▶ WORK TO BE COMPLETED
Repeat nothing but the line that contains "Chapter 2: Modeling" and the lines after it, through the end of the listing, exactly as they stand; omit pictures.
--- START ---
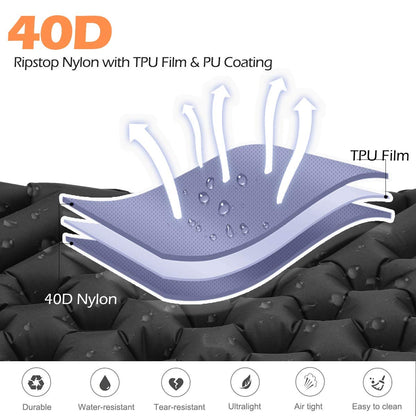 Camping Outdoor Ultralight Camping Mat Inflatable, Waterproof Foldable Air Mattress, Small Packed Camping Mat Sleeping Pads for Camping Hiking Sports Travel Backpacking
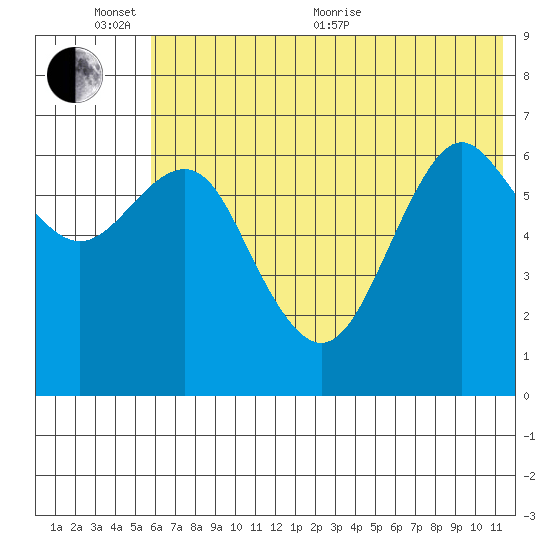 Mitrofania Island tide chart for Thursday, June 13, 2024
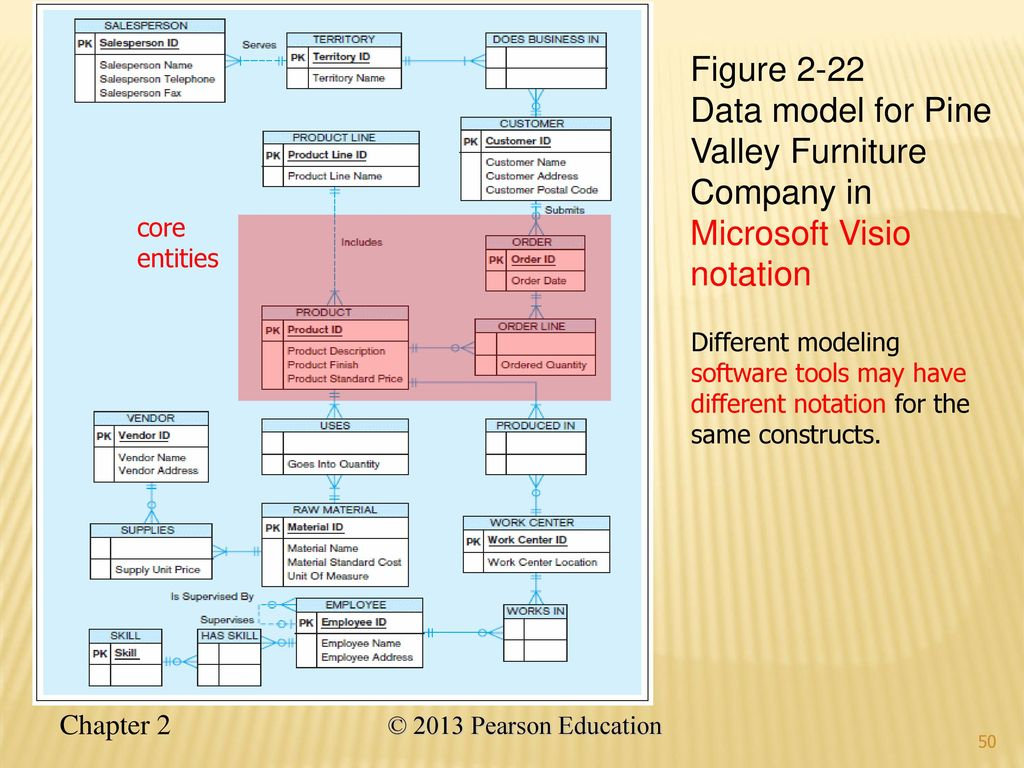 Chapter 2: Modeling Data In The Organization (The Basic Er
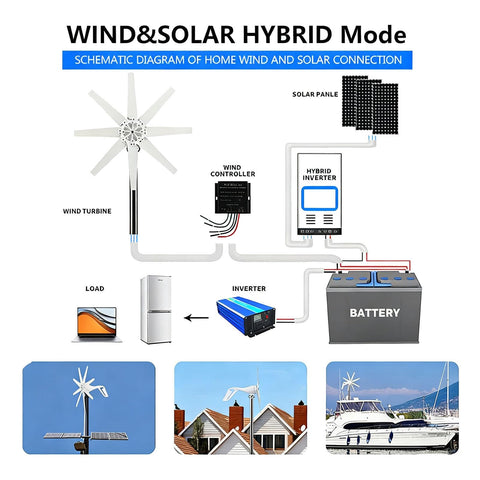 Diagram of 2000W Wind Turbine Generator Kit With Eight Blade Wind Power Generator 12V 24V 48V 220V Charge Controller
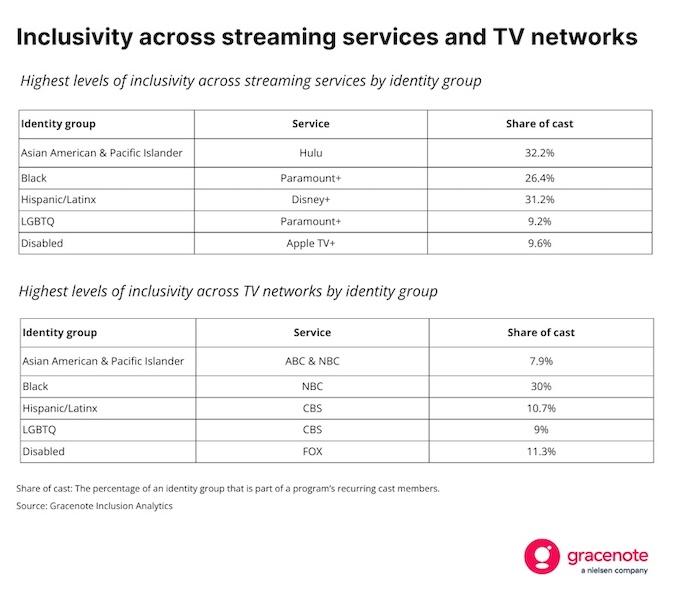 Chart showing inclusivity across streaming services and TV networks.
--- END ---
▶ SOLUTION FOR THIS EXERCISE
 Chapter 2: Modeling Data In The Organization (The Basic Er
 Diagram of 2000W Wind Turbine Generator Kit With Eight Blade Wind Power Generator 12V 24V 48V 220V Charge Controller
 Chart showing inclusivity across streaming services and TV networks.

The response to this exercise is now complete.